In the last 30 years, an emerging class of insoluble phosphonates and inorganic–organic phosphonates of tetravalent metals (mainly ZrIV) with layered or pillar structure have attracted the attention of researchers because of their interesting physical–chemical properties and high versatility, especially in the field of catalysis.33–38 Herein, based on the organosolubility of zirconium phosphonates designed recently by our research group,39–41 we report a novel type of recoverable and reusable inorganic material-supported Pd catalysts 3a, b by using the concept of one-phase catalysis and two-phase separation (Scheme 1).42 They could be quantitatively recovered by solid /liquid separation upon addition of petroleum ether after the completion of reaction. The organosoluble properties of 3a and b allowed us to apply them to homogeneous Suzuki–Miyaura coupling reactions of various substituted aryl bromides with arylboronic acids. Attractively, due to their organosolubility, homogeneity and small size of Pd particles embedding in the zirconium phosphonate matrix, supported palladium catalysts 3a and b possessed high catalytic activities at room temperature. To the best of our knowledge, they were the first example of homogeneous inorganic material–supported Pd catalysts, which can be seen as a borderline class of the catalysts retaining the advantages of homogeneous and heterogeneous catalysts.
 |
| Scheme 1 The synthetic route to zirconium phosphonate-supported Pd catalysts 3a and b. | |
Results and discussion
Synthesis of supported Pd catalysts 3a and b
Organosoluble, porous and layered zirconium phosphonates 1a and b, which contained two types of hydroxyl groups, were prepared according to published procedures.39 The introduction of a diphenylphosphine ligand was performed through the reaction of diphenylphosphine chloride with hydroxyl groups in zirconium phosphonates 1a and b at 0 °C for 48 h under N2 atmosphere to afford NH4Cl salt and zirconium phosphonates 2a and b. After NH4Cl was filtered, in the filtrate was added petroleum ether, and zirconium phosphonates 2a and b precipitated out as white solids. At room temperature in anhydrous THF solution for 12 h, Na2PdCl4 was efficiently and completely anchored by the diphenylphosphine and hydroxyl functional groups in the inorganic frames of 2a and b, and the brown supported Pd catalysts 3a and b were obtained by addition of petroleum ether, filtration (transparent) and lyophilization at −50 °C.
Chemical composition
The empirical formulae of zirconium phosphonates 1a and b [Zr(OH)2.78(O3PR)1.11·2.4 H2O and Zr(OH)2.84(O3PR)1.08·2.5 H2O, respectively] were determined by colorimetry and 31P NMR, and ascertained by elemental analysis and TG analysis.39 On heating the samples 2a and b, the similar thermolysis curves with a three-step weight loss behavior were observed over a broad temperature range of 40–1200 °C. The first slope curve below 120 °C was attributed to the desorption of the surface-bound or intercalated water in the pores, followed by the second step weight loss with single DTG peaks owing to the volatilization of appended organic fragments between 120 and 500 °C. The third stage appeared from 500 to 1200 °C corresponding to further oxidation of the cokes generated during the second stage.
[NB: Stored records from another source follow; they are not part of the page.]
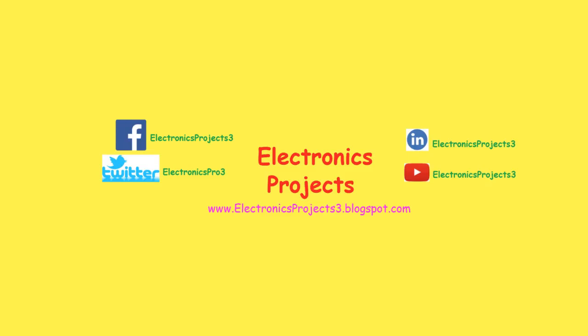Hello friends, how are you today? I'm going to show you how to make a home automation system for your home. After a long time I am going to make a video on home automation system because I was busy in some other activities.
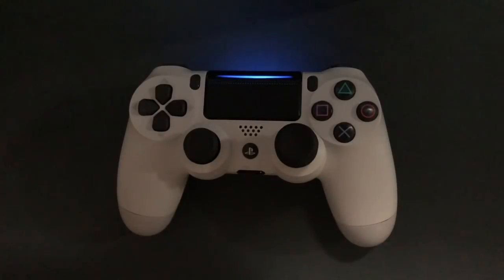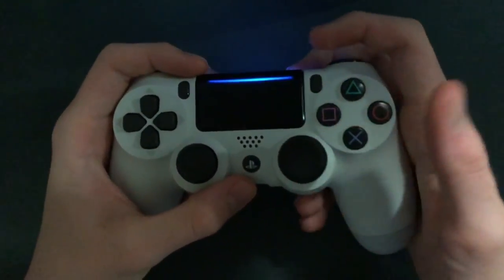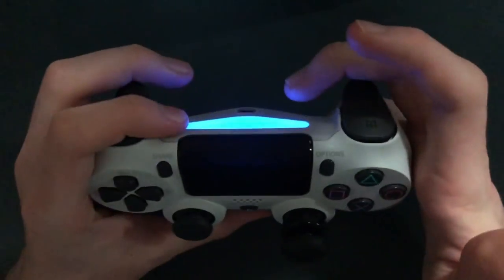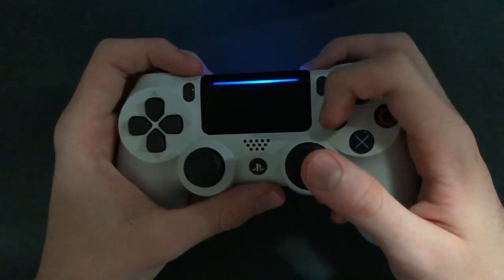So, the double claw tutorial. What you want to do is start off by playing regular claw. Hold the right side of the controller with your two bottom fingers, shoot with your middle finger, and then tap all the other buttons like X, circle, square, and triangle, as well as the bumper with your index finger.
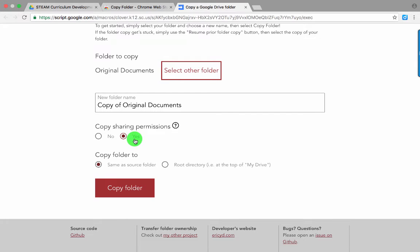I'm going to keep my sharing permissions the same as the previous one — I've already got those set up. If you want to restrict access or change that, feel free to click No. I'm going to copy it to the same folder that the original one is already in. You could also click over here to select this button if you want it to just appear in My Drive, that general directory. Once you have your settings down, go ahead and click Copy Folder.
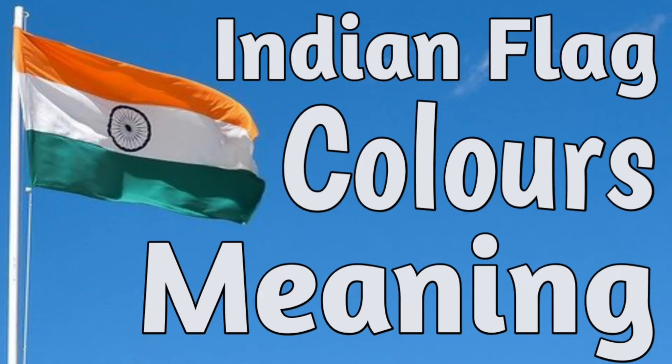Hello Bacho. Today we are going to know the Indian flag color's meaning. So let's start the video.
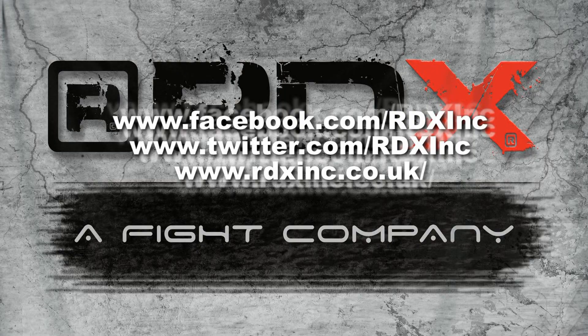For more information on this product and the entire RDX product range, please go to our website. Also, don't forget to check out our Facebook and Twitter pages.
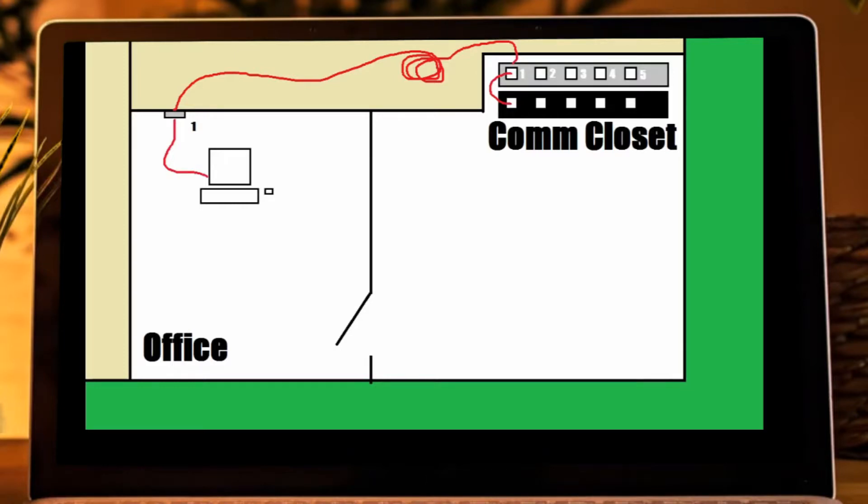That is basically how a patch panel is used. It allows your permanent network wiring — that is not meant to be messed with or moved — a permanent, neat, and organized place to interface with the rest of your network equipment.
According to the 2.6 and 2.1 wt.% weight losses of surface-bound or intercalated water below 120 °C, the number of water molecules in zirconium phosphonates 2a and b were calculated to be 0.8 and 0.6, respectively. Compared with 1a and b, the number of water molecules in 2a and b decreased with increased hydrophobicity owing to the modification of some hydroxyl groups by diphenylphosphines. The 24.3% and 17.6% of hydroxyl groups in 2a and b could be regarded as being successfully modified by diphenylphosphine groups, respectively, according to the 59.4 and 55.8 wt.% total organic weight losses. Unfortunately, it was difficult to confirm specifically which hydroxyl group was modified by diphenylphosphine group. The phosphorus contents of 2a and b were also verified by quantitative 31P NMR in the range 18–30 ppm (δ), and the weight percent of carbon (51.95 and 50.95%), hydrogen (4.31 and 4.97) and nitrogen (1.68 and 2.30%) in 2a and b determined by elemental analysis were in good agreement with their theoretic values. Based on there being no change in the chemical compositions of 2a and b during the complexation of Na2PdCl4 particles, the numbers of surface-bound or intercalated water in supported Pd catalysts 3a and b were calculated to be 0.7 and 1.2, respectively. The Pd contents with 5%wt palladium loading in catalysts 3a and b were determined by inductively coupled plasma (ICP) analysis of the solution after treating catalysts with freshly prepared aqua regia.
Catalyst characterization
Powder XRD.
The layered structure and d-spacing of zirconium planes for crystalline and semi-crystalline zirconium phosphonate can be determined from the 00n peak in the powder XRD pattern (via the Bragg equation, nλ = 2d sinθ).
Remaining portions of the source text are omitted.